March 2, 2012; Tampa, FL, USA; New York Yankees outfielder Chris Dickerson (61) during spring training against the South Florida Bulls at George M. Steinbrenner Field. Mandatory Credit: Kim Klement-US PRESSWIRE

Why Did Chris Dickerson Clear Waivers?

 

Alternate title: Why did I spend my day off analyzing Chris Dickerson?

I don’t play fantasy baseball. My dad and two of his friends play Big Show Baseball, which is run by a former member of the Los Angeles Angels’ front office, and is essentially fantasy baseball on steroids. There are a lot of spreadsheets involved, a lot of discussions about linear weights, contracts, arbitration, and non-roster invites, and 6-hour drafts via conference call. I’m not officially involved with the team, but I am somewhat unofficially the Yankee scout. Meaning I attempt to answer any questions the three of them have about Yankee players or prospects (though not knowing the answer has happened more times than I’m willing to admit). The other day, after realizing their team possessed little depth in the outfield, they had a Yankee question:

“What about Chris Dickerson?”

Back in February, Dickerson, who was out of minor league options, was placed on waivers by the Yankees to make room on the 40-man. Most were convinced he’d be claimed by another team, but he managed to clear waivers. Which means he’s heading to Triple-A once spring training ends and will be stashed away in the minor leagues as a nice insurance policy for the Yankees.
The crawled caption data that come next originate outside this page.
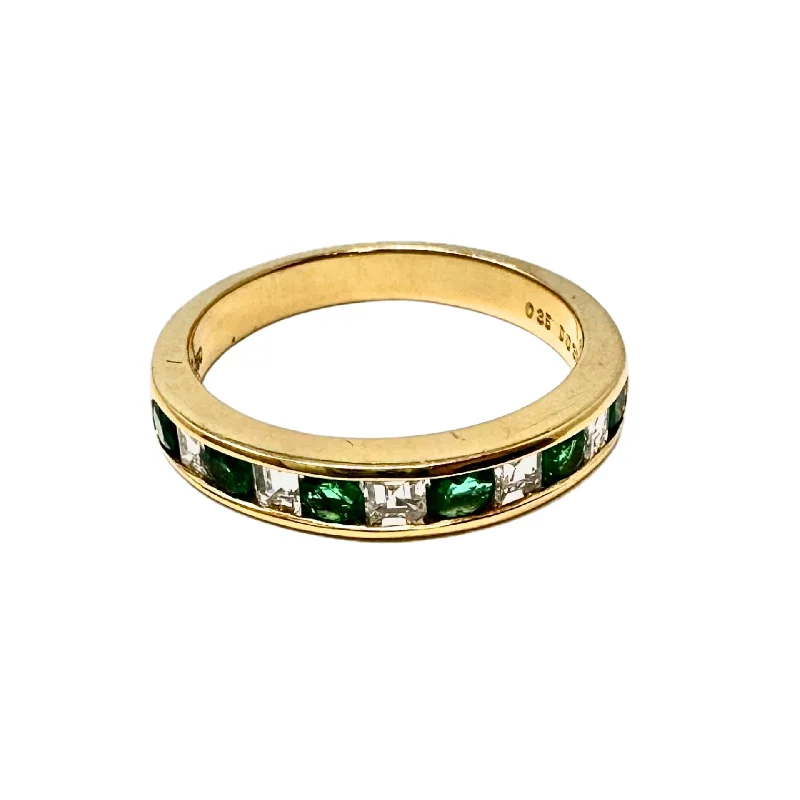 TrustRings-Wakasuki 18K Gold Ring with 5 Diamonds and 6 Emeralds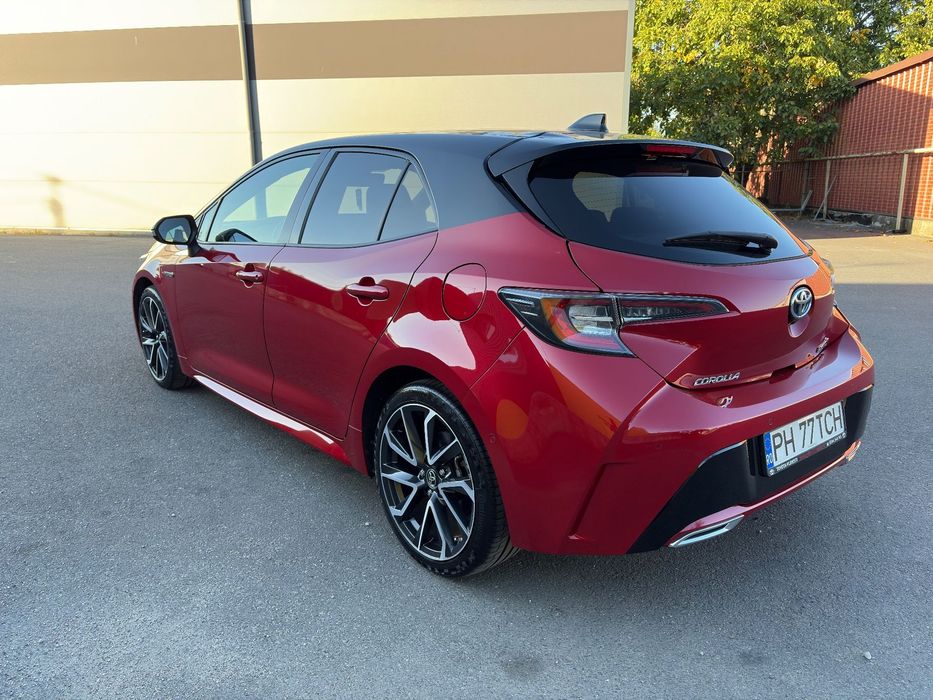 Toyota Corolla 2.0 Hybrid /  Garantie + Anvelope Iarna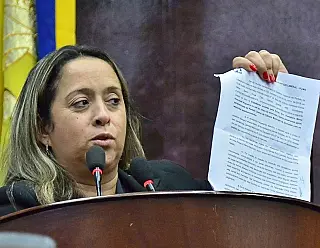 Vereadores anunciam que vão mudar o voto em novo julgamento de Denize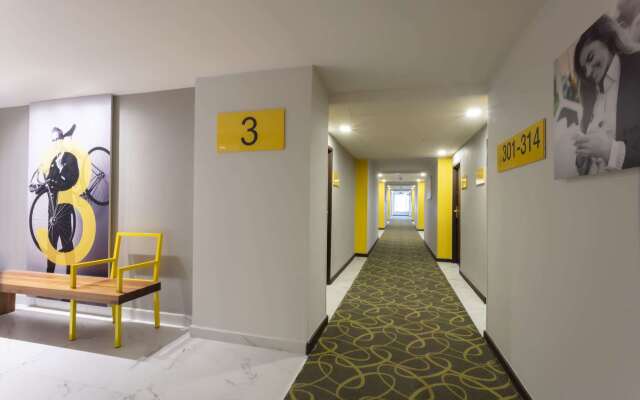 Krystal Urban Monterrey San Jerónimo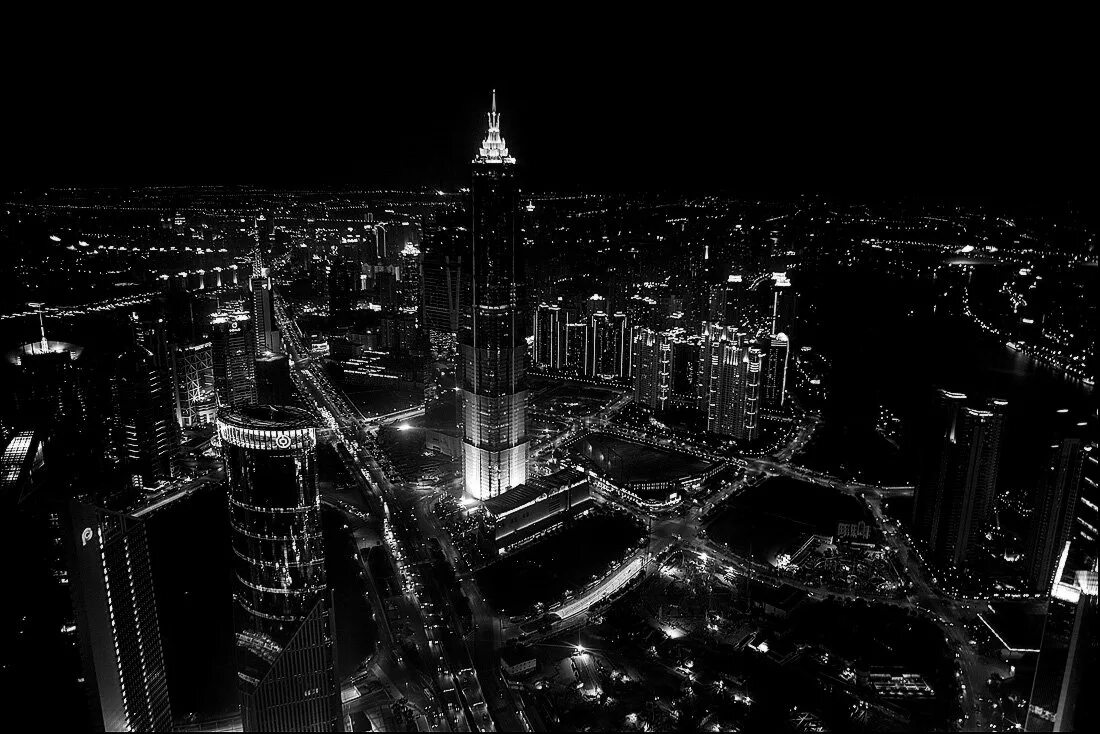 Города черном фоне. Ночной город черно белый. Ночной городерно белый. Город в черно белом цвете. Город ночью.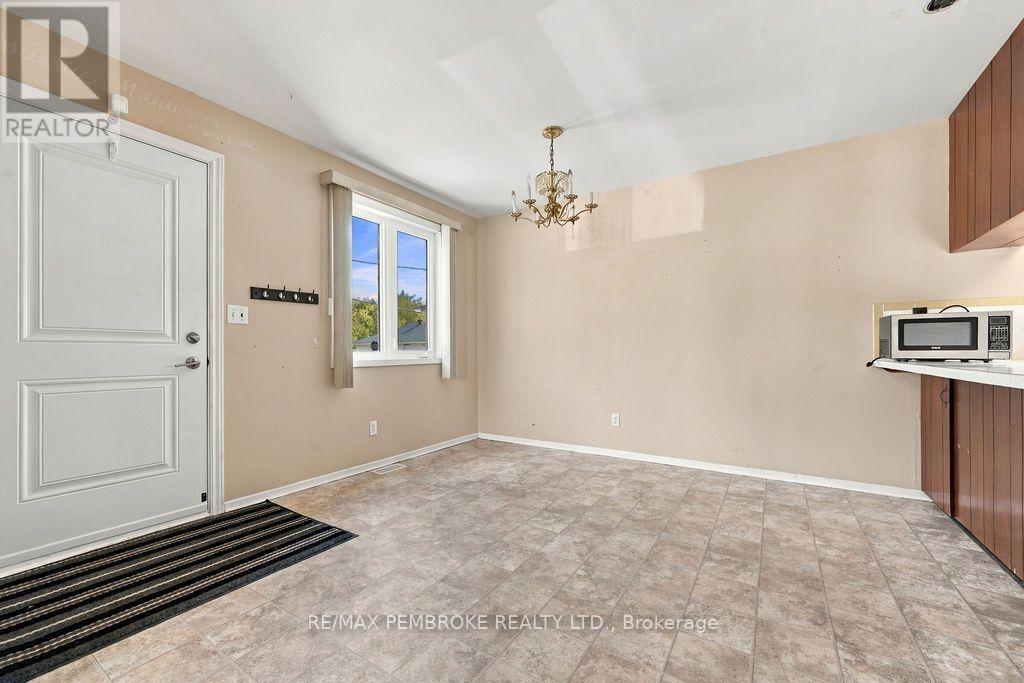 570 MOFFAT STREET, Pembroke — photo 6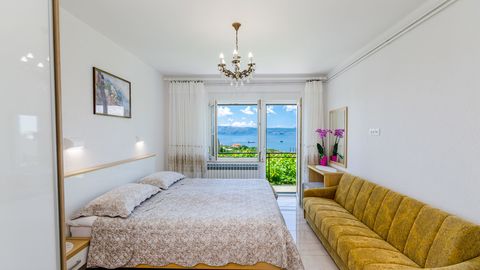 Apartament 8-osobowy z tarasem z widokiem na morze z 3 pomieszczeniami sypialnianymi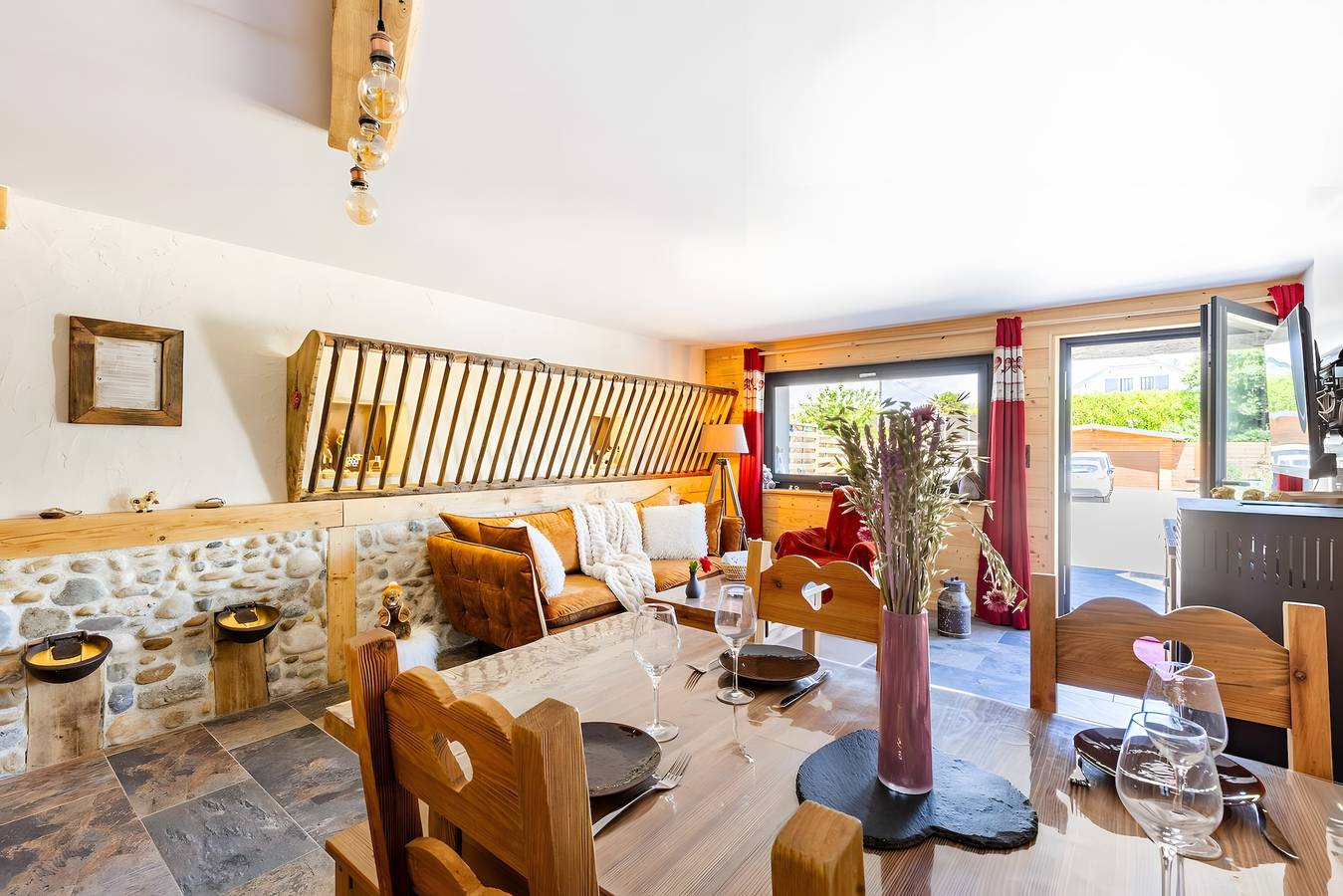 Casa rural 'L'étable' con terraza privada, jardín compartido y Wi-Fi in Sales, Región de Annecy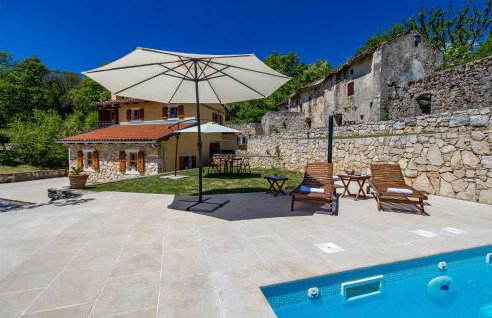 Amazing Home In Moscenice With Wifi - Photo 11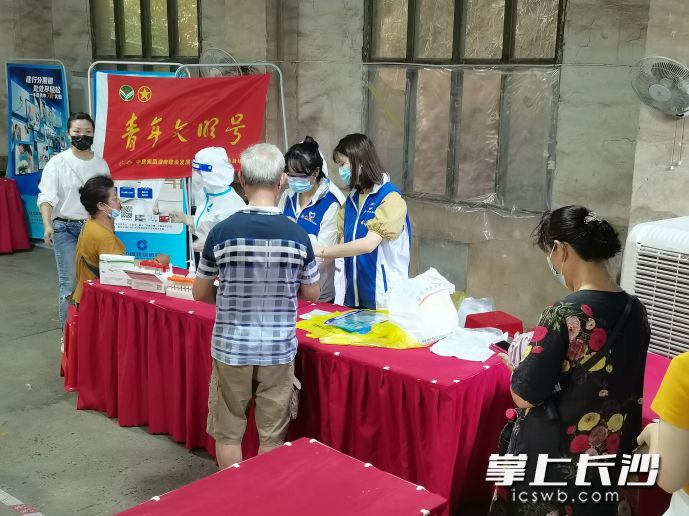 中房集團湖南分公司青年志愿者們分批分時段奔赴新開鋪街道各駐守點,，助力新開鋪街道5個社區(qū)及2個村約10萬常駐人口全員檢測，累計服務時長480小時,。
Dickerson was an extra outfielder for the Yankees, a late-inning defensive replacement, and an occasional pinch-runner/hitter. He was useful enough, and I figured a handful of teams would be interested. A few teams off the top of my head that are short on depth in the outfield and could benefit from having Dickerson on their team: the Houston Astros, New York Mets, or Washington Nationals.

Dickerson obviously has his flaws. He isn’t a great baseball player. He’s not even a very good player. He doesn’t hit lefties, he owns a career strikeout rate of 26.1% (though he has a career walk rate of 11%), and a career .133 ISO indicates power isn’t his game. But he’s athletic, and has an upside many teams could get plenty use out of. He’s only amassed 582 plate appearances in four major league seasons — split between the Cincinnati Reds, Milwaukee Brewers and Yankees — but he’s a lefty who has hit right-handers well in his career, can play all three outfield positions, and brings some defense and decent speed to the table. He’s exactly what teams should want in a fourth outfielder – though he could probably be starting for a team like the Astros. Um, for the record, I could probably be starting for a team like the Astros.

His career line against right-handers over four seasons is .270/.355/.415 with a .341 wOBA. He offers respectable speed, and has been pretty successful at stealing bases in both the majors and minors. Over limited playing time in four major league seasons, Dickerson has stolen 24 bases in 30 attempts (an 80% success rate). In the minors, he stole 161 bases in 208 attempts (a success rate of 77%).

So, what about Chris Dickerson? I think he’s a great role player to have on a team, particularly if you’re looking for outfield depth. Unfortunately for Dickerson, he hasn’t gotten many opportunities to be a full-time player or even a platoon, in part due to injuries. The Yankees simply have no room for him on the roster, but I’m of the opinion that he deserves more of a shot to flourish in the majors, and it still remains surprising that he managed to clear waivers.

Take a quick glance at the Astros depth chart and tell me I’m wrong.